Hang was a very trusting person, a trait which could at times be taken as naïveté. Still, she also talked about “protecting herself,” and always carried a small pocket knife with her, Koua said. However, at just 5 feet tall and 90 pounds, she “was more of a talker” than a fighter.
“She went and got her stuff, I was watching TV,” Koua recalled, putting the time at around 6 or 7 p.m. “And I heard her come down, and she said, ‘If I don’t come back, look for me.’ And that’s the last time I saw her.”
A few days later, Koua took his mom, who didn’t speak English, to report Hang missing, but he believes police “didn’t really care at that time, like, ‘Oh, it’s just another Asian runaway,’ or whatever,”—a suspicion corroborated to The Daily Beast by a law enforcement source close to the investigation.
Six months passed without a word. Then, one day, detectives showed up at the Lee family home.
“They came to talk to my mom,” said Koua. “Nikki saw all the fliers and felt bad and called [police].”
Investigators now had a name: “Wallace” was Nikki’s boss, 30-year-old Mark Steven Wallace—the last person Hang was with the night she disappeared.
Police checked his criminal history, and found it was extensive and violent. When Hang fell off the face of the Earth, Wallace had only been out of prison for about 18 months after convictions for a pair of rapes—one of which involved a 16-year-old girl.
Nikki, who was unable to be reached by The Daily Beast, told cops that Wallace picked her and Hang up in a white pickup truck the night of the job interview and may have taken them to a casino, one of the detectives on the case told the Twin Cities Pioneer Press in 2014. Later, Nikki said Wallace switched cars for some reason, and that the three then rode off in a tan or silver Chevy Cavalier. Nikki asked Wallace to drop them back at home because it was snowing hard and they had school the next morning. Wallace dropped Nikki off first, and said he’d bring Hang home next because she lived not far from his place. When Nikki got out and began walking away, she said she looked back and saw Hang getting into the front seat.
As the detective told the newspaper, according to Nikki, Wallace had asked her if she knew anyone looking for work. She thought of Hang right away, but thought the request was strange since she said Wallace didn’t even have enough work to keep her busy. She also seemed somewhat suspicious of Wallace, according to a 2020 court filing in which Nikki told police that Wallace once served her a drink that immediately made her “violently ill.” He dismissed her concerns, blaming the strange reaction on chemical fumes in his workshop, she said.
Investigators got nowhere with Wallace. He lawyered up, and refused to talk. Wallace’s public defender, Laurel O’Rourke, told The Daily Beast she couldn’t discuss the case or her client at all due to confidentiality laws.
“The cops were like, ‘Sorry, we can’t just arrest him,’” said Koua. “They said it would be trouble solving it... At that time, DNA was still very new and they were trying to do it with DNA, but they told us they got nothing. And that was it.”

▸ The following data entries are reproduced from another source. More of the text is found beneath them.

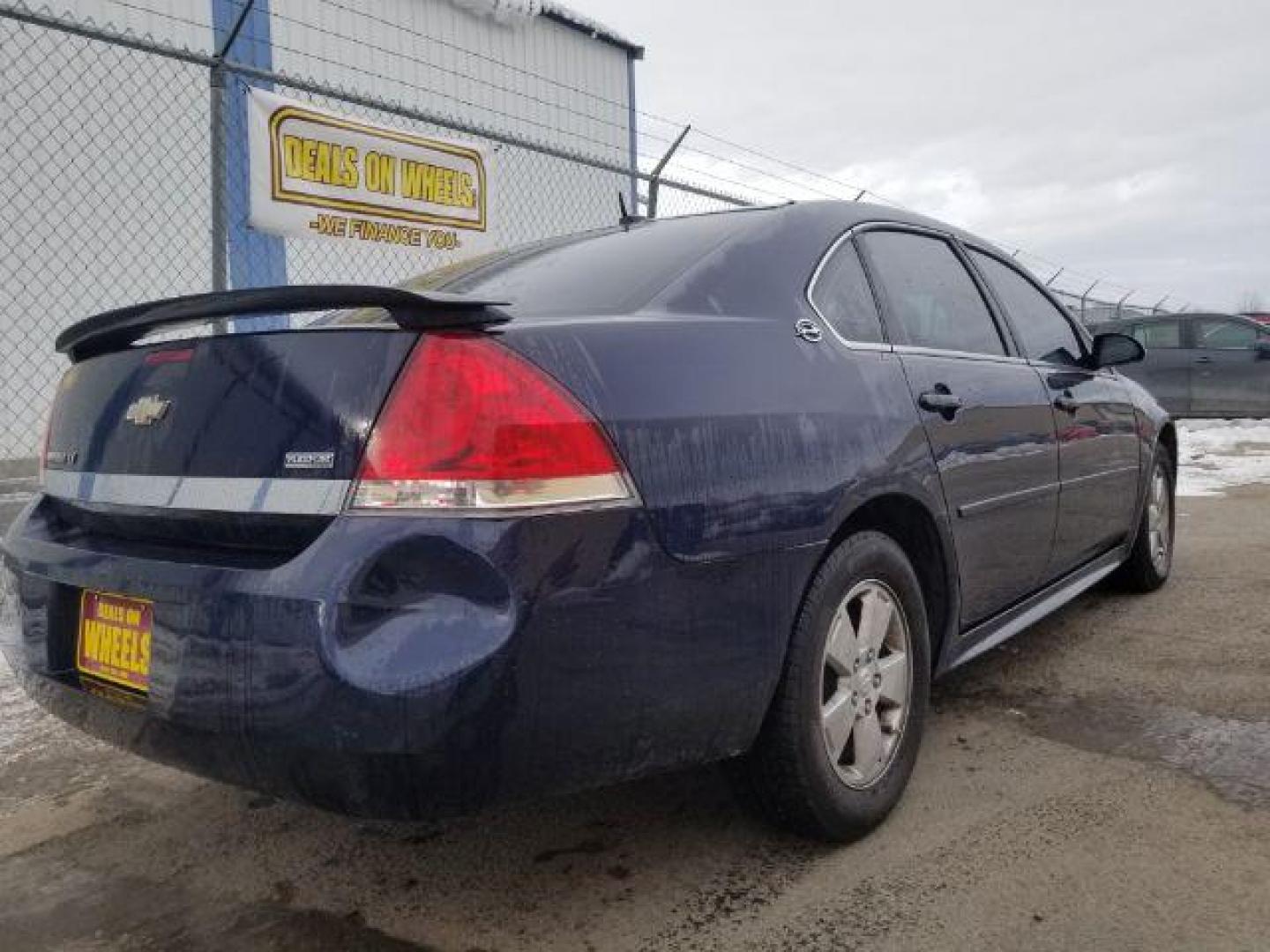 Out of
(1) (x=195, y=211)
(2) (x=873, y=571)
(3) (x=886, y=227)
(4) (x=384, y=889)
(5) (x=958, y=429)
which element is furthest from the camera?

During Det. Sgt. Kevin Navara’s 24 years with the Ramsey County, Minnesota Sheriff's Office, he never thought a case could haunt him the way Hang Lee’s has.
“You look at cop shows, and you always see these old-time cops: ‘You know, there’s that one case I could never solve,’” Navara, who retired in 2017, told The Daily Beast. “This is that one case.”

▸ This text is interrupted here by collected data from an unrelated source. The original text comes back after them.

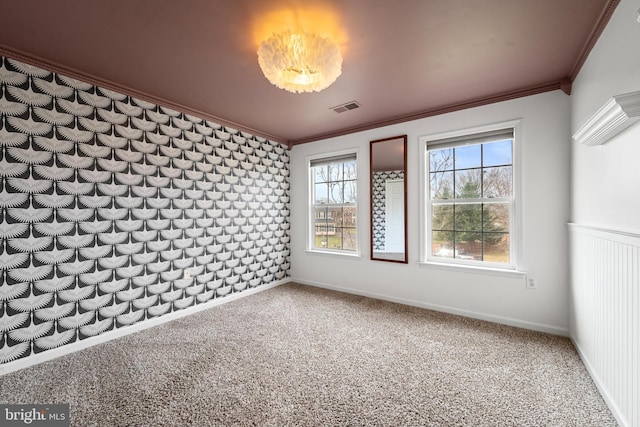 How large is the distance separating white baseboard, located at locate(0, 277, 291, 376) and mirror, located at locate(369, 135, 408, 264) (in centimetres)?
208

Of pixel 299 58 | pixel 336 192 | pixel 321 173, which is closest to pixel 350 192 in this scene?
pixel 336 192

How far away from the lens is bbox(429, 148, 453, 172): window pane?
3246mm

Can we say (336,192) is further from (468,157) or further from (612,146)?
(612,146)

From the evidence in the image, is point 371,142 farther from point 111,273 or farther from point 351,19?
point 111,273

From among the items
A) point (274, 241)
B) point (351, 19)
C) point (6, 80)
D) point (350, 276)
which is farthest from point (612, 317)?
point (6, 80)

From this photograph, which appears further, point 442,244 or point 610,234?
point 442,244

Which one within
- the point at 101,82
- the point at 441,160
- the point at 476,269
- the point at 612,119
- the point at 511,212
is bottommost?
the point at 476,269

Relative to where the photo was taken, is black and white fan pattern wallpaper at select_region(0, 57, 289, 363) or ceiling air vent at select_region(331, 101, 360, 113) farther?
ceiling air vent at select_region(331, 101, 360, 113)

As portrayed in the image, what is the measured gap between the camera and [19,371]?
6.62ft

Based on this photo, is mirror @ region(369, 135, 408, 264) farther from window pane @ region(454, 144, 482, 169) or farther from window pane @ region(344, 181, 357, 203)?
window pane @ region(454, 144, 482, 169)

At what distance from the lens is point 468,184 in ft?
10.3

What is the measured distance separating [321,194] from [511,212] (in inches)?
101

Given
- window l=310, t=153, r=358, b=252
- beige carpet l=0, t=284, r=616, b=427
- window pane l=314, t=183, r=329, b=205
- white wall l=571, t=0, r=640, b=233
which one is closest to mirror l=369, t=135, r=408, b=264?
window l=310, t=153, r=358, b=252

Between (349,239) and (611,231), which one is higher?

He said he used to think the idea of a battle-hardened police officer being so deeply affected by an old crime was “silly and stupid,” but not anymore.

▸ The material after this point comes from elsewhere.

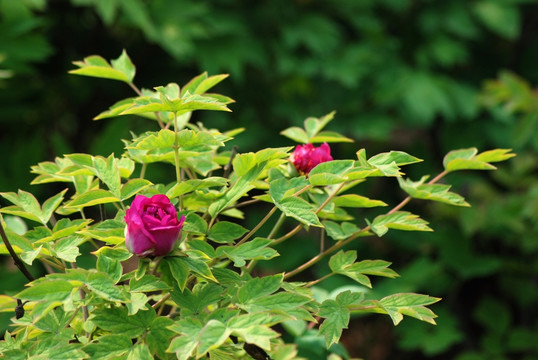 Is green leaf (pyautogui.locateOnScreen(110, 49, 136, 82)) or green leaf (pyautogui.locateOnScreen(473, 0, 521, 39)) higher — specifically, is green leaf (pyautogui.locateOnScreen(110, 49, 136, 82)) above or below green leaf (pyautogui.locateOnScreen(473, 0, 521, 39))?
above

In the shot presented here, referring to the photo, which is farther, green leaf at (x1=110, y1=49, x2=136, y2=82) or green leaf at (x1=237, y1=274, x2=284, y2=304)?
green leaf at (x1=110, y1=49, x2=136, y2=82)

“I saved a ton of [the case files],” Navara said. “It’s probably the only case that I hung onto when I retired.”
In the mid-to-late 2000s, Navara was part of a Hmong gang task force when he injured his ankle. He was put on desk duty while he recuperated, and when his supervisor asked if he wanted to have a look at an unsolved cold case, he jumped at the chance.
A look at the Wallace files quickly pushed things into the surreal for Navara.
“My dad was a cop in St. Paul, he started in ’67 and retired in the mid-’90s, late-’80s,” he said. “And his name’s all over Wallace’s reports. So here I am working on this piece of crap, and my dad worked on the same [case].”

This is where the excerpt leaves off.